Ridership has been down so far in 2009. Ridership in the first and second quarter of this year decreased by 3.5% and 5.3%, respectively, compared to the same time periods in 2008, according to Davis. In July, the system experienced 6% fewer users.

In August, the authority selected an outside analyst to evaluating its operations to see where it can cut costs as opposed to implementing bus and train fare increases that were originally set for this winter and have now been postponed. David D’Alessandro, a former chief executive officer at John Hancock, is conducting the review, which is due Nov. 1.

New fare revenue could help. Debt service costs and lease payments take up about 30% of the MBTA’s revenues and it has $5.2 billion of outstanding debt. It will pay $445.2 million and $482.5 million in debt service and lease payments in fiscal 2010 and fiscal 2011, respectively.
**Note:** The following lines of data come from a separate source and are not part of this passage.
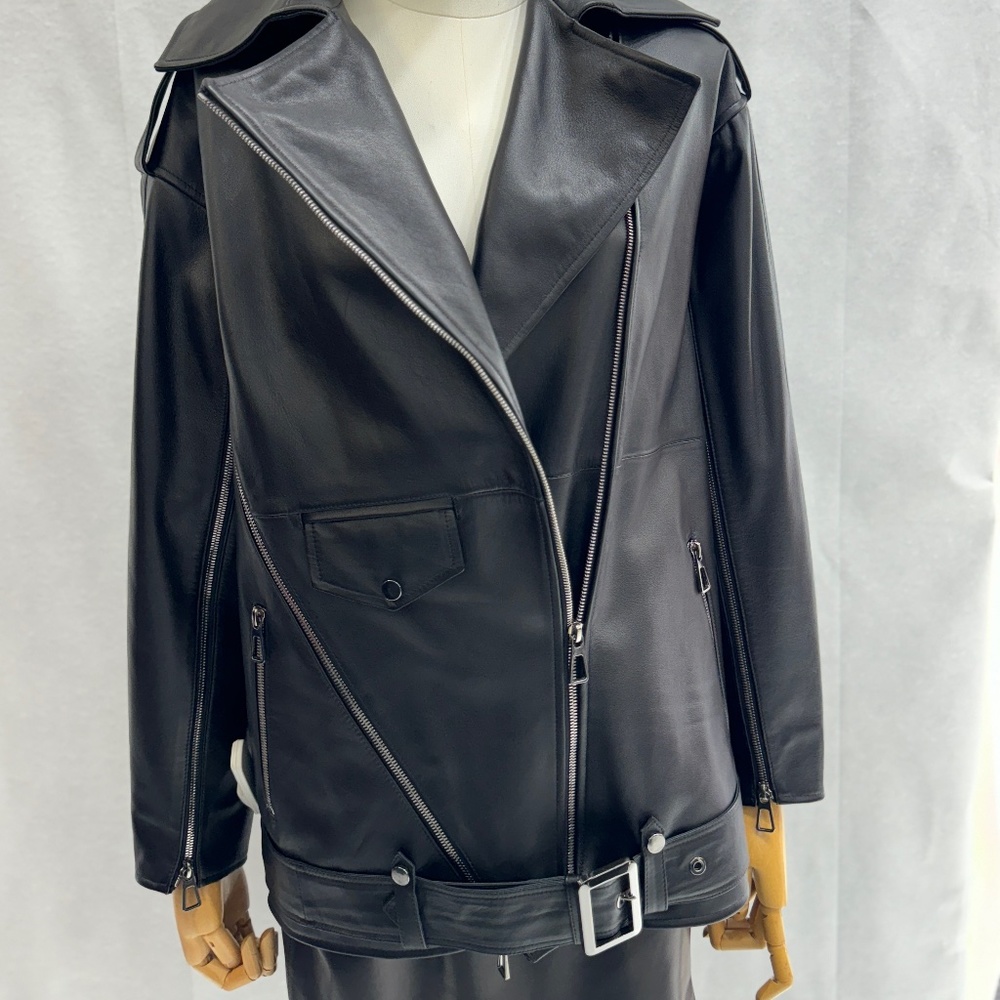 Punto leather oversize jacket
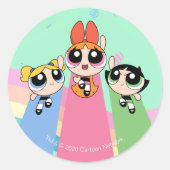 Powerpuff Girls Fly High Runder Aufkleber (Vorderseite)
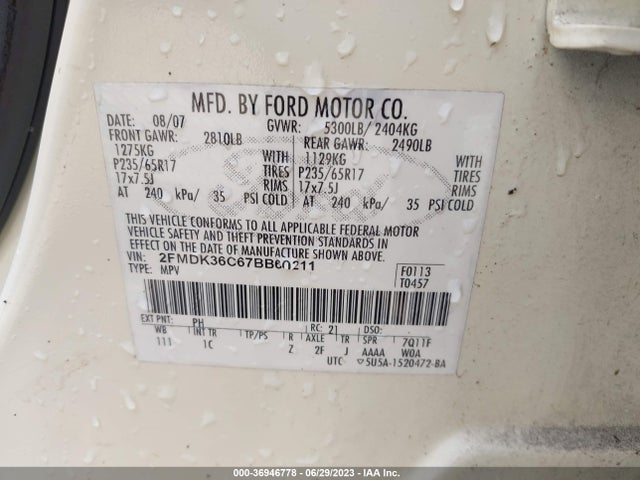 2007 FORD EDGE SE VIN: 2FMDK36C67BB60211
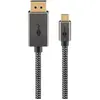 Image de Goobay USB-C-auf-DisplayPort-Textilkabel 4K @ 60 Hz, 2 m, schwarzsilber (2 m), Câble vidéo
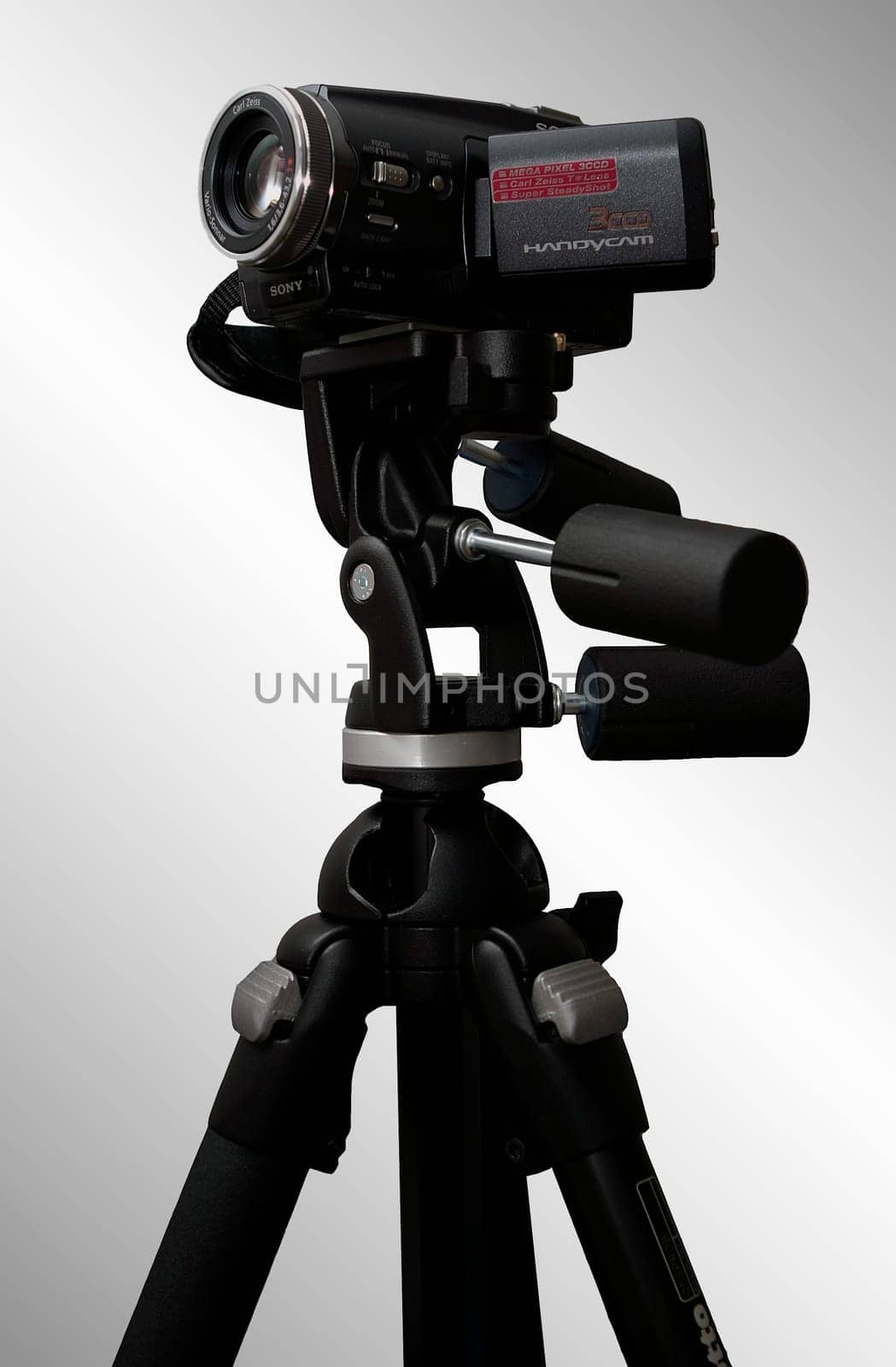 Video camera on tripod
Debt service costs on the outstanding senior sales-tax bonds are $181.4 million for this fiscal year, with that amount increasing to $336.6 million by fiscal 2017, dipping below $300 million in fiscal 2020 and fiscal 2021, and reaching $337.9 million in fiscal 2022, according to the POS.

“Growth in expenditures related to new labor contracts and growing maintenance costs are placing additional pressure on operations and have resulted in an operating deficit, which the authority is financing with draws on cash reserves, restructuring of debt, expenditure reductions and fare increases,” Moody’s said.

While the MBTA has fiscal challenges, sales tax and assessment revenues flow straight to debt service costs before going towards other operating expenses, insulating the outstanding debt from other operating needs.

“We base the rating on the bond structure supporting the bonds and debt-service coverage safeguards and not on the financial position, nor the operation, of the authority,” Standard & Poor’s said.

Moody’s calculates annual debt service coverage at 2.05 times, on average, over the next 10 years and increasing thereafter.

The MBTA serves an average of 1.2 million passenger trips per day on its commuter rails, bus lines, trollies, and the Boston subway. It is the oldest mass transit system in the country.